Following gc --autowill not run and gc.logprinted out until the user removes gc.log
.

gc: 从守护进程中保存日志gc --auto并在下次打印

虽然提交 9f673f9gc用于--auto在后台运行的配置选项- 2014-02-08)有助于减少关于“ gc --auto”占用终端的一些抱怨,但它会产生另一组问题。

这个集合中的最新一个是,作为守护进程的结果,stderr被关闭并且所有警告都丢失了。末尾的这个警告cmd_gc()特别重要,因为它告诉用户如何避免“ gc --auto”重复运行。
因为stderr是关闭的,用户不知道,自然会抱怨' gc --auto'浪费CPU。

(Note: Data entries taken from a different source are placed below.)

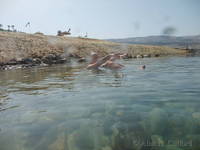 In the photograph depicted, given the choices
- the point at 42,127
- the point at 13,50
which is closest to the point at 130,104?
the point at 42,127

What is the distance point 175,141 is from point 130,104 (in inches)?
94.1

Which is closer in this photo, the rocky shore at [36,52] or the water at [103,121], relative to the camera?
the water at [103,121]

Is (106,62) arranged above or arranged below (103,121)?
above

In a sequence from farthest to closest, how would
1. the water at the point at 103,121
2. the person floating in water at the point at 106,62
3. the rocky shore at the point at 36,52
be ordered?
1. the rocky shore at the point at 36,52
2. the person floating in water at the point at 106,62
3. the water at the point at 103,121

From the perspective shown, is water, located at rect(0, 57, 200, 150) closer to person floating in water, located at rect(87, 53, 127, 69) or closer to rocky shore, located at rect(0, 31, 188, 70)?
person floating in water, located at rect(87, 53, 127, 69)

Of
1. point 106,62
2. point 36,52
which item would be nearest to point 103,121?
point 106,62

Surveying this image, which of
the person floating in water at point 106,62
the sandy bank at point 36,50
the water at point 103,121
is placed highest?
the sandy bank at point 36,50

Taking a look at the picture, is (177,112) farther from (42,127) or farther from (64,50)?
(64,50)

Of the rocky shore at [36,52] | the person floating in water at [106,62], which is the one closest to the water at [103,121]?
the person floating in water at [106,62]

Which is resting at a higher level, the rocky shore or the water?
the rocky shore

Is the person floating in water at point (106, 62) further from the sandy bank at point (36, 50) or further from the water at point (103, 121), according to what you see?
the sandy bank at point (36, 50)

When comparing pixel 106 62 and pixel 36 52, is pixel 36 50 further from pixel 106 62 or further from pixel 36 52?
pixel 106 62

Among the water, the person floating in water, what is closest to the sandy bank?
the person floating in water

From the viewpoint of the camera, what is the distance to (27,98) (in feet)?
24.4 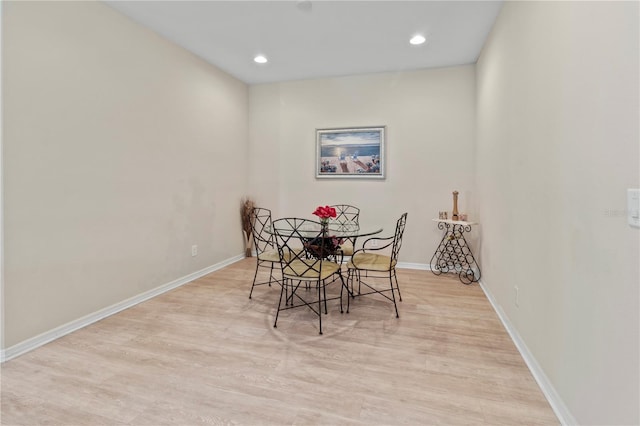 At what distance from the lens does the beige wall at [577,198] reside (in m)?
1.12

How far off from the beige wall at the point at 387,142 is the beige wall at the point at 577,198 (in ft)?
5.79

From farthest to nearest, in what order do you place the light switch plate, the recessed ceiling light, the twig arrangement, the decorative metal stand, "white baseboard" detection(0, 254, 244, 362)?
the twig arrangement < the decorative metal stand < the recessed ceiling light < "white baseboard" detection(0, 254, 244, 362) < the light switch plate

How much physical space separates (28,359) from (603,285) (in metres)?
3.24

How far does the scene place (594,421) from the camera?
1.29 metres

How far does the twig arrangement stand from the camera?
4.96m

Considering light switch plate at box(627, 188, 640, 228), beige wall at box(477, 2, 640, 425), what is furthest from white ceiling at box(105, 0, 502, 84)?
light switch plate at box(627, 188, 640, 228)

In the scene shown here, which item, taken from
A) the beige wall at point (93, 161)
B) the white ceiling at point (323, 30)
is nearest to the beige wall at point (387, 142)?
the white ceiling at point (323, 30)

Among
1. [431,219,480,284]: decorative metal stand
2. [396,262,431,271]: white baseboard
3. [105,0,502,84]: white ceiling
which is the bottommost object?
[396,262,431,271]: white baseboard

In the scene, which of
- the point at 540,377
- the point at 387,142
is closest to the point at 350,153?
the point at 387,142

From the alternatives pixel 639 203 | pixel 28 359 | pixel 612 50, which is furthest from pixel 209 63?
pixel 639 203

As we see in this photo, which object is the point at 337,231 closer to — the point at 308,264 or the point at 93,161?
the point at 308,264

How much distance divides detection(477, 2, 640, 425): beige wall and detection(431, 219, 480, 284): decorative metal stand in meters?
1.56

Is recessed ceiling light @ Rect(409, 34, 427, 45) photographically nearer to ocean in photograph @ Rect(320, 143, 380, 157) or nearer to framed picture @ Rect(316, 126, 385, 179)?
framed picture @ Rect(316, 126, 385, 179)

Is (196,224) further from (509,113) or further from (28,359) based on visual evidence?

Daemonizedgc现在保存stderr$GIT_DIR/gc.log.
以下gc --auto将不会运行,并gc.log打印出来,直到用户删除gc.log

回答by svick

Some operations run git gc --autoautomatically, so there should never be the needto run git gc, git should take care of this by itself.

一些操作会git gc --auto自动运行,所以永远不需要运行git gc,git 应该自己处理这个。

Contrary to what bwawok said, there actually is (or might be) a difference between your local repo and that bare one: What operations you do with it. For example dangling objects can be created by rebasing, but it may be possible that you never rebase the bare repo, so maybe you don't ever need to remove them (because there are never any). And thus you may not need to use git gcthat often. But then again, like I said, git should take care of this automatically.

与 bwawok 所说的相反,您的本地存储库和裸存储库之间实际上(或可能)存在差异:您用它做什么操作。例如,悬空对象可以通过变基创建,但您可能永远不会变基裸存储库,所以也许您永远不需要删除它们(因为从来没有)。因此,您可能不需要git gc经常使用它。但话又说回来,就像我说的,git 应该自动处理这个问题。

回答by bwawok

I do not know 100% about the logic of gc.. but to reason this out:

我对 gc 的逻辑不是 100% 了解,但要推理一下:

git gc removed extra history junk, compresses extra history, etc. It does nothing with your local copies of files.

git gc 删除了额外的历史垃圾,压缩了额外的历史等等。它对你的本地文件副本没有任何作用。

The only difference between a bare and normal repo is if you have local copies of files.

裸仓库和普通仓库之间的唯一区别是您是否拥有文件的本地副本。

So, I think it stands to reason that YES, you should run git gc on a bare repo.

所以,我认为是的,你应该在裸仓库上运行 git gc 是有道理的。

I have never personally ran it, but my repo is pretty small and is still fast.

我从来没有亲自运行过它,但我的 repo 很小而且速度仍然很快。